RECORDS FOR THIS EXERCISE Block Start

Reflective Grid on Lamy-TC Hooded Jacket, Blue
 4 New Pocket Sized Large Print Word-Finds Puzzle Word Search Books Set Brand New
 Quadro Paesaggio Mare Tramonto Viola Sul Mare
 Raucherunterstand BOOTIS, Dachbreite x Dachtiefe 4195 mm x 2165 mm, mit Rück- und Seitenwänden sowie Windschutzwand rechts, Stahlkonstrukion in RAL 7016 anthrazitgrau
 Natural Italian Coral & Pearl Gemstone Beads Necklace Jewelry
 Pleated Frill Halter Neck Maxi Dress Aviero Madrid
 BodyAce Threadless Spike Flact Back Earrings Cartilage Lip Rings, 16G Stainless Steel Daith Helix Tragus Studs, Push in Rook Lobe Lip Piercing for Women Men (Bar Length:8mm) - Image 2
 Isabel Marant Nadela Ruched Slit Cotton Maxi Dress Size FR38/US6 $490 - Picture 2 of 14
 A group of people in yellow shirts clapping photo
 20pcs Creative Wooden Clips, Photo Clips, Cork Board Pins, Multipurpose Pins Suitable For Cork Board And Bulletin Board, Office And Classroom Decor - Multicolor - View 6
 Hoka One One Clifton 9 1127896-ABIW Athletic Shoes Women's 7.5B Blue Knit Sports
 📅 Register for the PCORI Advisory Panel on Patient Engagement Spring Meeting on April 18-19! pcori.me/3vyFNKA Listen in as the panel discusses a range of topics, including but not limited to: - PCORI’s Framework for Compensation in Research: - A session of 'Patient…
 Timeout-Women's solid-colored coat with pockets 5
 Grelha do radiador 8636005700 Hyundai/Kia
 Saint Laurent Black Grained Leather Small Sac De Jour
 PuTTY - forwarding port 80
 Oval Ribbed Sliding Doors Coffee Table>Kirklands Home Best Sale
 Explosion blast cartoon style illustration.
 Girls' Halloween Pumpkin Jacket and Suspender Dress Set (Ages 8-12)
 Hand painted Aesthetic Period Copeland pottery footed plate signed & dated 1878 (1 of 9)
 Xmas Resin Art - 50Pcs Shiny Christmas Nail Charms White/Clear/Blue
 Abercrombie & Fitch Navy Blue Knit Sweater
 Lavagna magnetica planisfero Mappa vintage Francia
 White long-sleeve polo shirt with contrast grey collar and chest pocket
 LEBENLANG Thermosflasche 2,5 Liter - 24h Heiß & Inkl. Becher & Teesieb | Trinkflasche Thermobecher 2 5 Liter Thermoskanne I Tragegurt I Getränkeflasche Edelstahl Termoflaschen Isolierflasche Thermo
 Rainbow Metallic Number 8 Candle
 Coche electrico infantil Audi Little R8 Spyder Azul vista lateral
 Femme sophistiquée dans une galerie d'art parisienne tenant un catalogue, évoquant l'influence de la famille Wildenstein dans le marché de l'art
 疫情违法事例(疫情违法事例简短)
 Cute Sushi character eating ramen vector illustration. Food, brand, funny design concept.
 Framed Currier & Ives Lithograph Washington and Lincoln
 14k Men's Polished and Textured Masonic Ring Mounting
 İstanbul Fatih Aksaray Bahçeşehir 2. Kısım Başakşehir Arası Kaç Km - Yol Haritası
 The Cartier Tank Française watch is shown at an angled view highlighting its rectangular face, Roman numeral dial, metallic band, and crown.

RECORDS FOR THIS EXERCISE Block End

▶ **EXERCISE GOAL**
Repeat the data word for word, leaving out no line.

▶ **OUTPUT**
Reflective Grid on Lamy-TC Hooded Jacket, Blue
 4 New Pocket Sized Large Print Word-Finds Puzzle Word Search Books Set Brand New
 Quadro Paesaggio Mare Tramonto Viola Sul Mare
 Raucherunterstand BOOTIS, Dachbreite x Dachtiefe 4195 mm x 2165 mm, mit Rück- und Seitenwänden sowie Windschutzwand rechts, Stahlkonstrukion in RAL 7016 anthrazitgrau
 Natural Italian Coral & Pearl Gemstone Beads Necklace Jewelry
 Pleated Frill Halter Neck Maxi Dress Aviero Madrid
 BodyAce Threadless Spike Flact Back Earrings Cartilage Lip Rings, 16G Stainless Steel Daith Helix Tragus Studs, Push in Rook Lobe Lip Piercing for Women Men (Bar Length:8mm) - Image 2
 Isabel Marant Nadela Ruched Slit Cotton Maxi Dress Size FR38/US6 $490 - Picture 2 of 14
 A group of people in yellow shirts clapping photo
 20pcs Creative Wooden Clips, Photo Clips, Cork Board Pins, Multipurpose Pins Suitable For Cork Board And Bulletin Board, Office And Classroom Decor - Multicolor - View 6
 Hoka One One Clifton 9 1127896-ABIW Athletic Shoes Women's 7.5B Blue Knit Sports
 📅 Register for the PCORI Advisory Panel on Patient Engagement Spring Meeting on April 18-19! pcori.me/3vyFNKA Listen in as the panel discusses a range of topics, including but not limited to: - PCORI’s Framework for Compensation in Research: - A session of 'Patient…
 Timeout-Women's solid-colored coat with pockets 5
 Grelha do radiador 8636005700 Hyundai/Kia
 Saint Laurent Black Grained Leather Small Sac De Jour
 PuTTY - forwarding port 80
 Oval Ribbed Sliding Doors Coffee Table>Kirklands Home Best Sale
 Explosion blast cartoon style illustration.
 Girls' Halloween Pumpkin Jacket and Suspender Dress Set (Ages 8-12)
 Hand painted Aesthetic Period Copeland pottery footed plate signed & dated 1878 (1 of 9)
 Xmas Resin Art - 50Pcs Shiny Christmas Nail Charms White/Clear/Blue
 Abercrombie & Fitch Navy Blue Knit Sweater
 Lavagna magnetica planisfero Mappa vintage Francia
 White long-sleeve polo shirt with contrast grey collar and chest pocket
 LEBENLANG Thermosflasche 2,5 Liter - 24h Heiß & Inkl. Becher & Teesieb | Trinkflasche Thermobecher 2 5 Liter Thermoskanne I Tragegurt I Getränkeflasche Edelstahl Termoflaschen Isolierflasche Thermo
 Rainbow Metallic Number 8 Candle
 Coche electrico infantil Audi Little R8 Spyder Azul vista lateral
 Femme sophistiquée dans une galerie d'art parisienne tenant un catalogue, évoquant l'influence de la famille Wildenstein dans le marché de l'art
 疫情违法事例(疫情违法事例简短)
 Cute Sushi character eating ramen vector illustration. Food, brand, funny design concept.
 Framed Currier & Ives Lithograph Washington and Lincoln
 14k Men's Polished and Textured Masonic Ring Mounting
 İstanbul Fatih Aksaray Bahçeşehir 2. Kısım Başakşehir Arası Kaç Km - Yol Haritası
 The Cartier Tank Française watch is shown at an angled view highlighting its rectangular face, Roman numeral dial, metallic band, and crown.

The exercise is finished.